World’s happiest country? That’s easy. Finland has won that title for eight straight years.

But what about world’s happiest CEO? You might nominate Amazon’s Jeff Bezos, who’s probably still in his Sanchez honeymoon phase and just filed to sell $1.5B more in shares.

But we’ll venture another candidate: Nvidia’s Jensen Huang. And it’s not just because of his congenial grin and trademark leather jacket. Rather, it’s three reasons…

  1. He’s got the world’s most valuable company 

You’ll have heard his AI chip pioneer just became the world’s first listed firm to break the $4T mark, but it’s worth a quick look at the trajectory — it’s up…

  • 80% since April
  • 250% since early last year, and
  • 1,000% since early 2023 (the year it first cracked $1T).

That run has driven Huang’s own net worth beyond $143B, overtaking Warren Buffett. But what’s behind this run?
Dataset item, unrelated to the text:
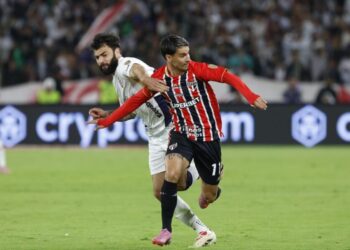 São Paulo e Flamengo prontos para decisões na Libertadores nesta quinta-feira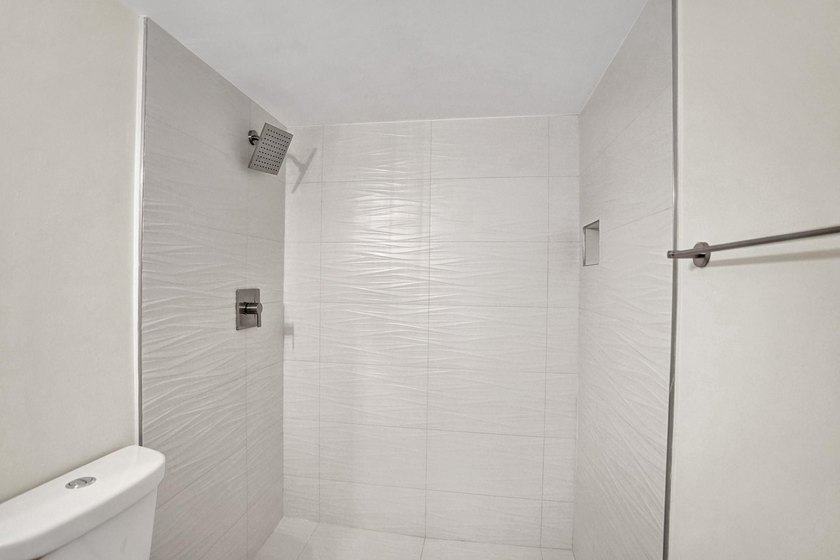 CALLING ALL INVESTORS !!! BRAND NEW renovated two bedrooms /two - photo 10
Beyond “ermahgerd, Er Er” (translation: ‘OMG, AI’), it’s also… 

  1. He can sell chips to China again

China has long been a critical Nvidia market, accounting for ~13% ($17B) of all revenues last year. And that’s remarkable when you recall the Biden administration was actually tightening chip exports to China to avoid helping the People’s Liberation Army.

Huang managed to thread that needle in a novel way: via the purpose-built H20 chip from late 2023, which went on to become China’s go-to AI chip throughout 2024. It was ✌️purpose-built✌️ in the sense it was deliberately slower, to duck under the tighter US rules.

But when Trump 2.0 revoked Huang’s H20 license for China earlier this year, things looked grim: the CEO had to declare a $5.5B write-down in April, and his share price bottomed out. So one reason why Nvidia’s share price is soaring again this week is this: according to a company blog post, Nvidia now has the green light to resume H20 sales to China.

Which gets us to how Huang pulled this off…

  1. He’s wining and dining the right people

Huang’s strategy has targeted not just the Trump administration and US lawmakers, but also the broader public via some big media interviews.

And his arguments have been consistent, claiming that selling H20s to China maintains:

  • a) America’s tech advantage by keeping China dependent on US tech
  • b) America’s economic advantage by keeping that revenue pipeline for the US rather than rivals like China’s own Huawei, and collectively thereby…
  • c) America’s security advantage, with any risk of tech leakage to the People’s Liberation Army (PLA) still manageable.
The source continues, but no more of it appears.